YOUR ASSIGNMENT: Lines from the opening of the material through the line containing "Outside Brookside Cottage" must be duplicated word for word. Pictures are not.

EXERCISE INPUTS:
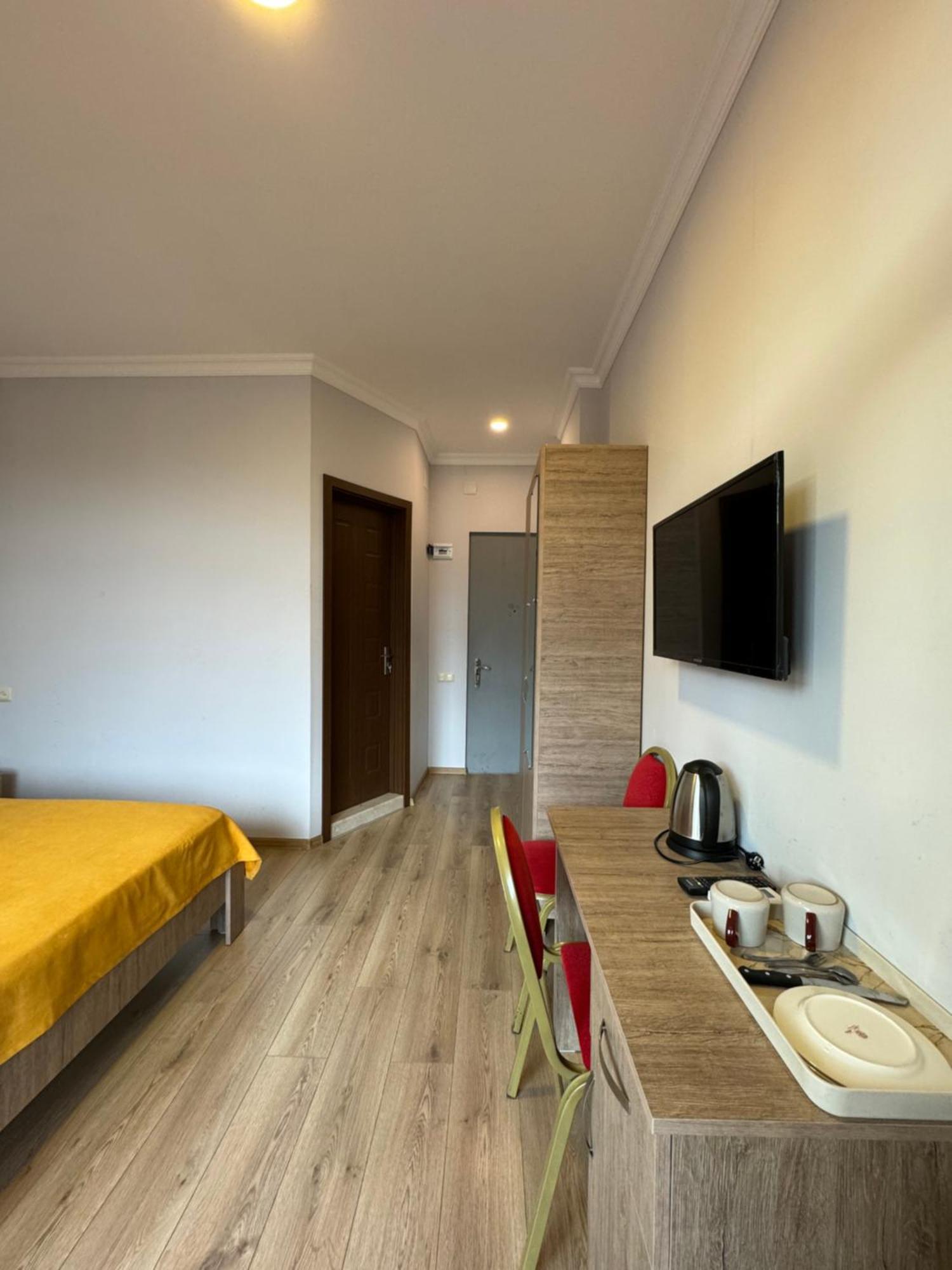 Ferienwohnung Colibri Batumi Exterior foto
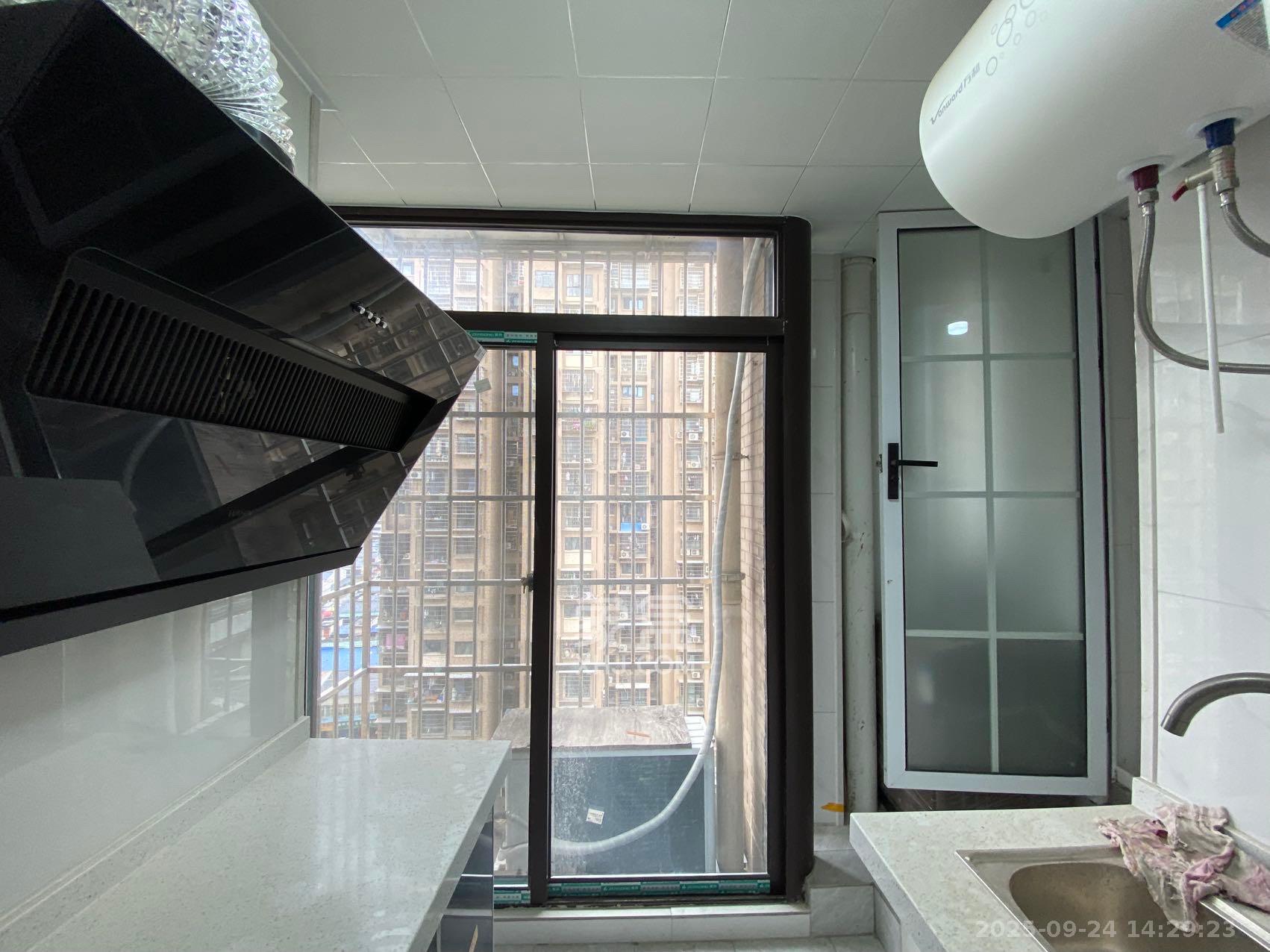 东岸梅园小区 1室0厅0卫 1100.0元/月 东岸梅园小区 1室0厅0卫 1100.0元/月室内图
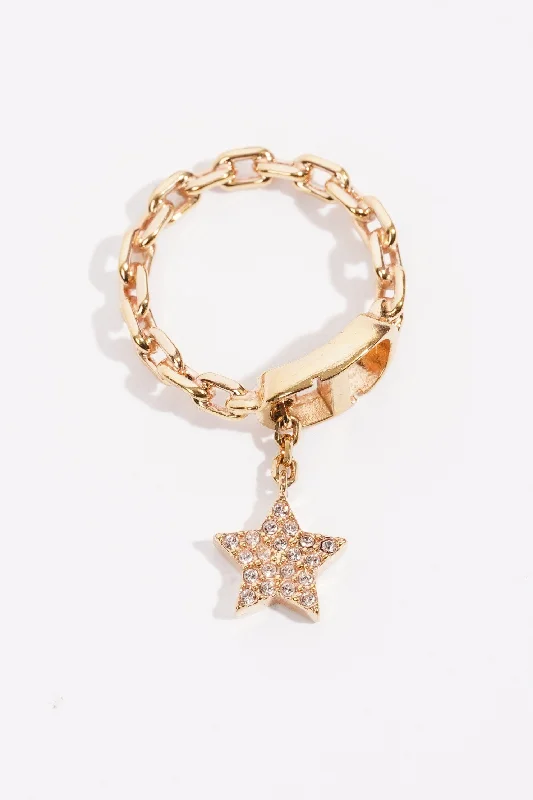 Trending Jewelry Now Available At Exclusive Prices Christian Dior Petit CD Ring Gold Gold Plated M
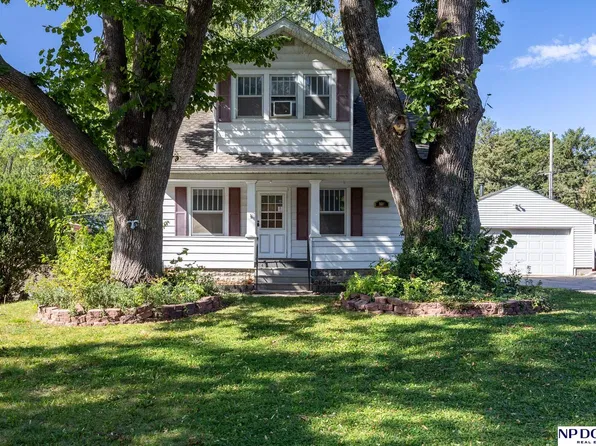 1607 N 58th St, Lincoln, NE 68505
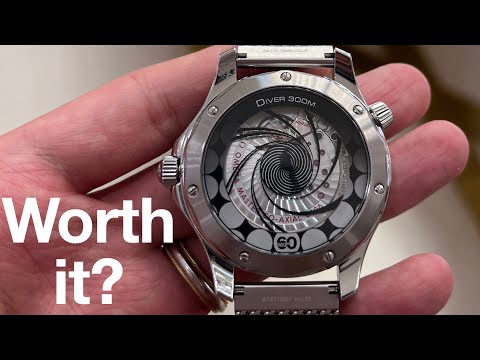 Don't Buy The 2022 OMEGA Seamaster Diver 300M James Bond 60th Anniversary Edition! Hands-On Review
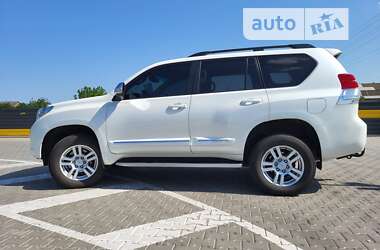 Внедорожник / Кроссовер Toyota Land Cruiser Prado 2010 в Ромнах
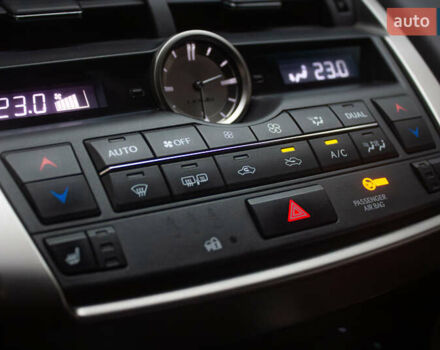 Серый Лексус НХ, объемом двигателя 2.49 л и пробегом 114 тыс. км за 31500 $, фото 24 на Automoto.ua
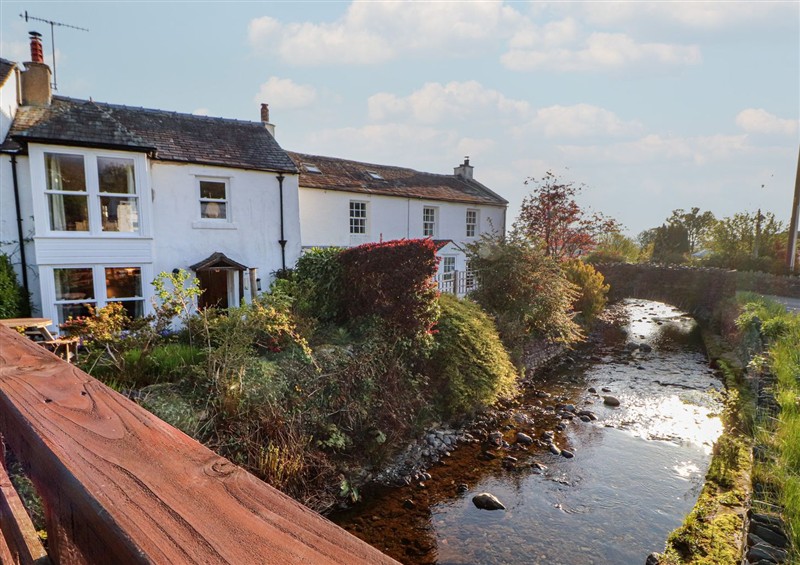 Outside Brookside Cottage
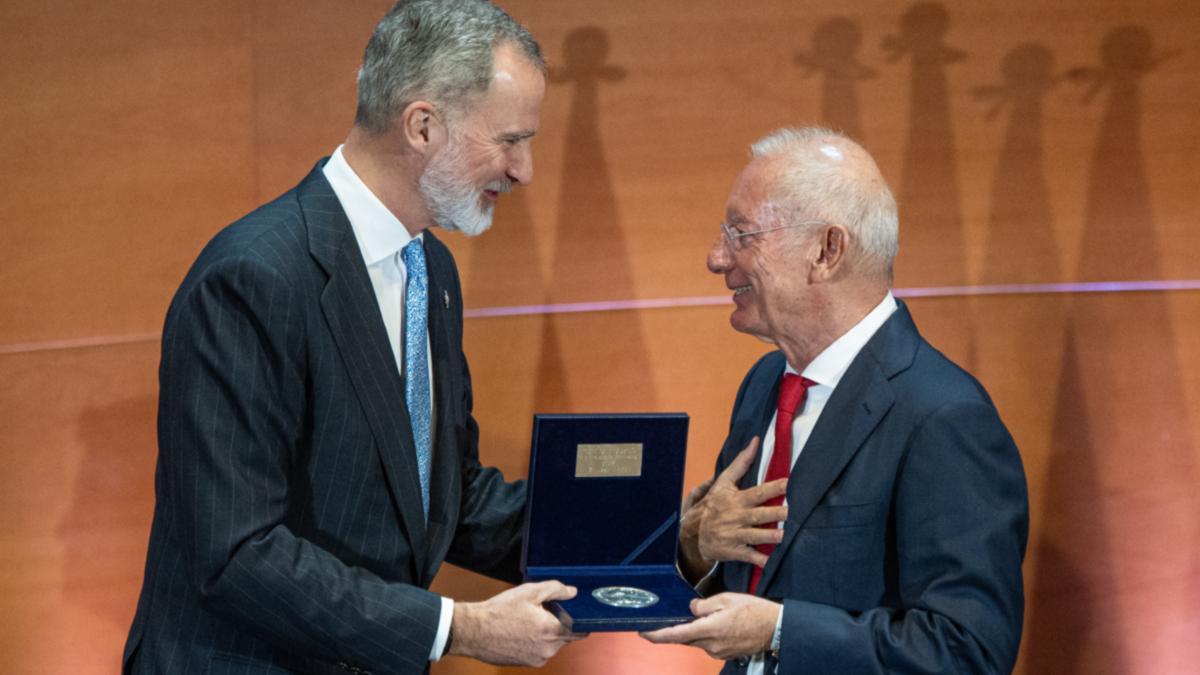 Su Majestad el Rey entrega el VIII Premio Reino de España a la Trayectoria Empresarial a Isak Andic, fundador y presidente no ejecutivo de Mango.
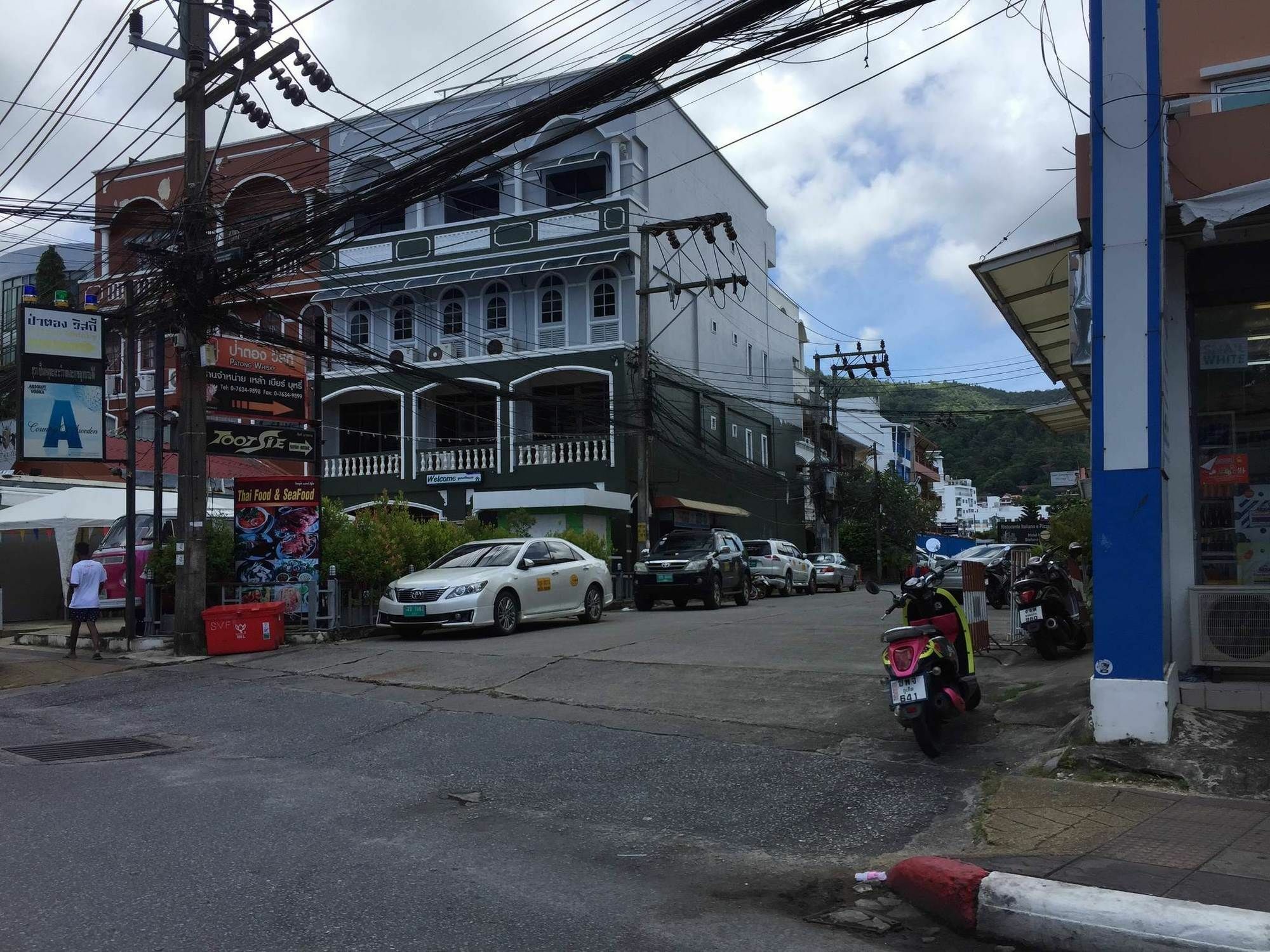 Welcome Guest House Patong Esterno foto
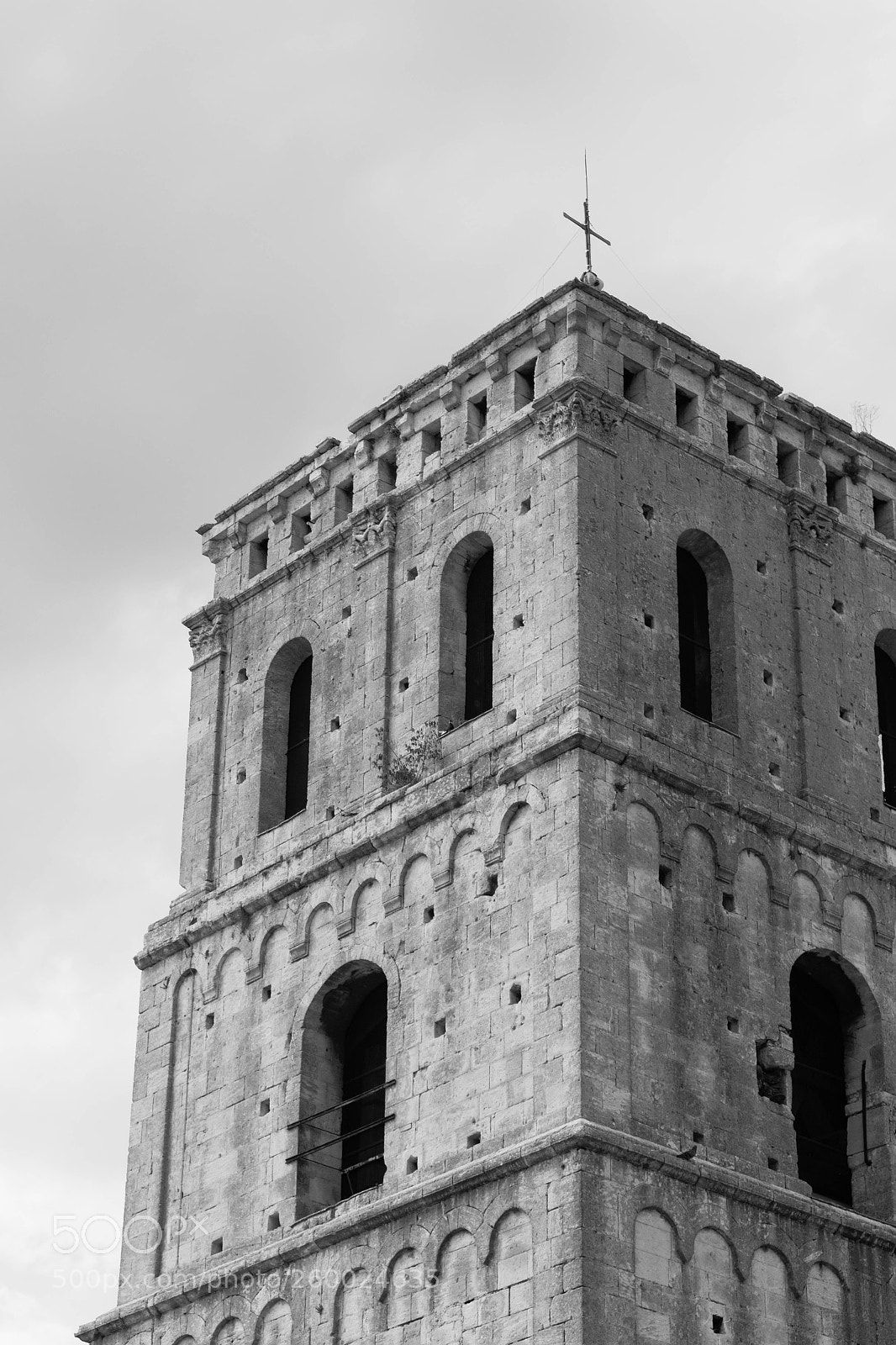 Canon EOS 700D (EOS Rebel T5i / EOS Kiss X7i) sample photo. Church in arles photography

REPLY TO THE EXERCISE:
 Ferienwohnung Colibri Batumi Exterior foto
 东岸梅园小区 1室0厅0卫 1100.0元/月 东岸梅园小区 1室0厅0卫 1100.0元/月室内图
 Trending Jewelry Now Available At Exclusive Prices Christian Dior Petit CD Ring Gold Gold Plated M
 1607 N 58th St, Lincoln, NE 68505
 Don't Buy The 2022 OMEGA Seamaster Diver 300M James Bond 60th Anniversary Edition! Hands-On Review
 Внедорожник / Кроссовер Toyota Land Cruiser Prado 2010 в Ромнах
 Серый Лексус НХ, объемом двигателя 2.49 л и пробегом 114 тыс. км за 31500 $, фото 24 на Automoto.ua
 Outside Brookside Cottage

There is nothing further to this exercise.